## Dataset excerpt:
━━━━━━━━━━

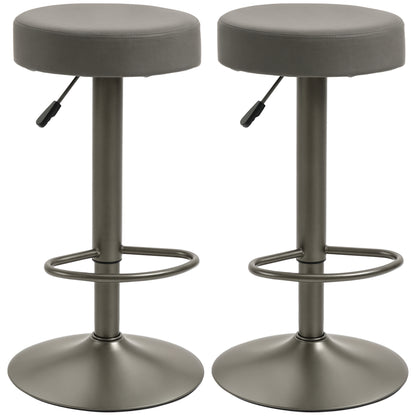 Set of 2 Bar Stools with Footrests, Swivel Kitchen Stools with Adjustable Height, 35x36x64-85cm, Soft Gray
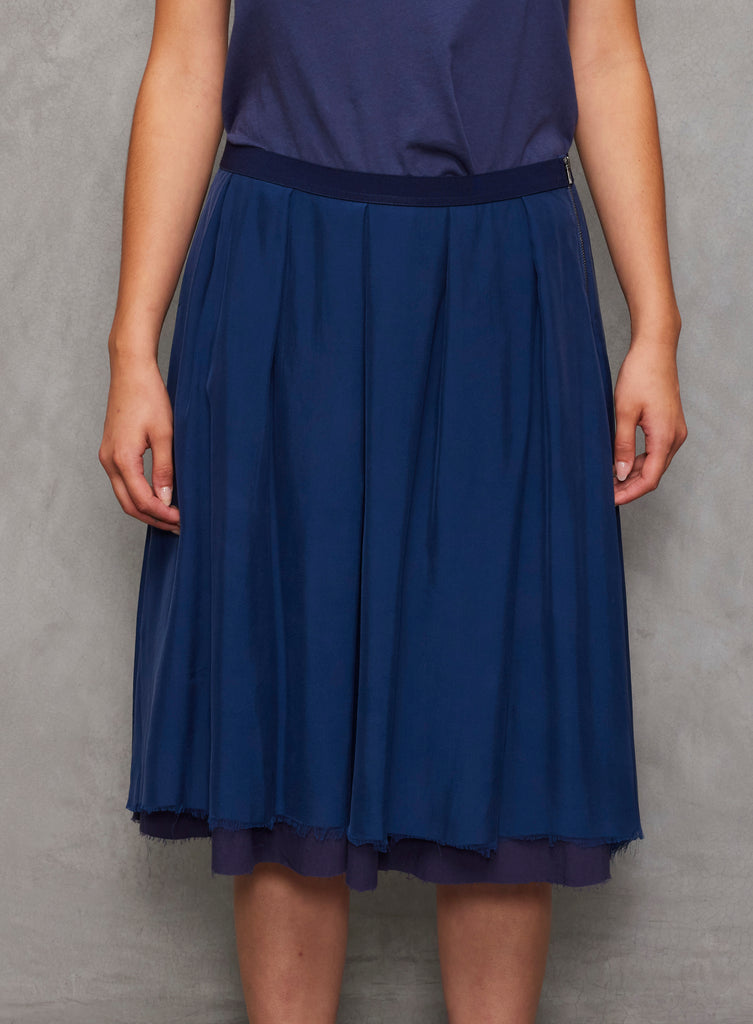 SKIRTS Double Roses Skirt in French Blue Brazeau Tricot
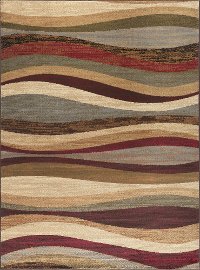 ELG5420 5x7 5 x 7 Medium Red, Gray-Blue, and Beige Area Rug - Elegance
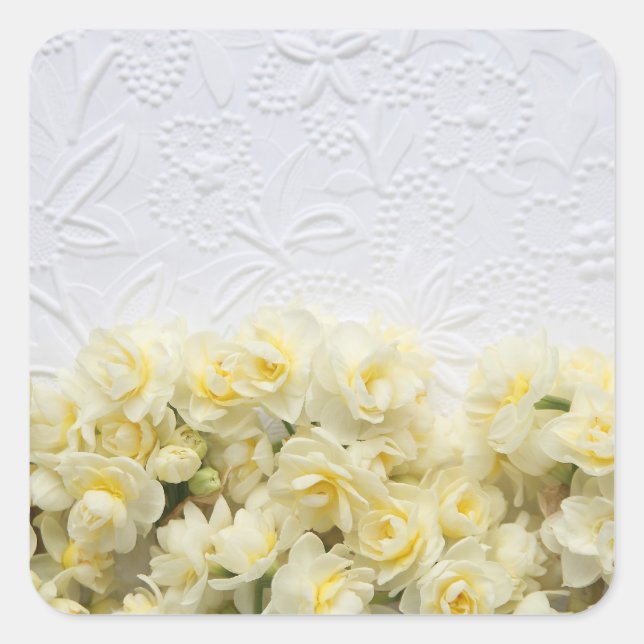 Sticker Carré Fleurs Narcisse contre papier texturé (Devant)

━━━━━━━━━━

The answer is the listing above repeated verbatim, minus its images.

 Set of 2 Bar Stools with Footrests, Swivel Kitchen Stools with Adjustable Height, 35x36x64-85cm, Soft Gray
 SKIRTS Double Roses Skirt in French Blue Brazeau Tricot
 ELG5420 5x7 5 x 7 Medium Red, Gray-Blue, and Beige Area Rug - Elegance
 Sticker Carré Fleurs Narcisse contre papier texturé (Devant)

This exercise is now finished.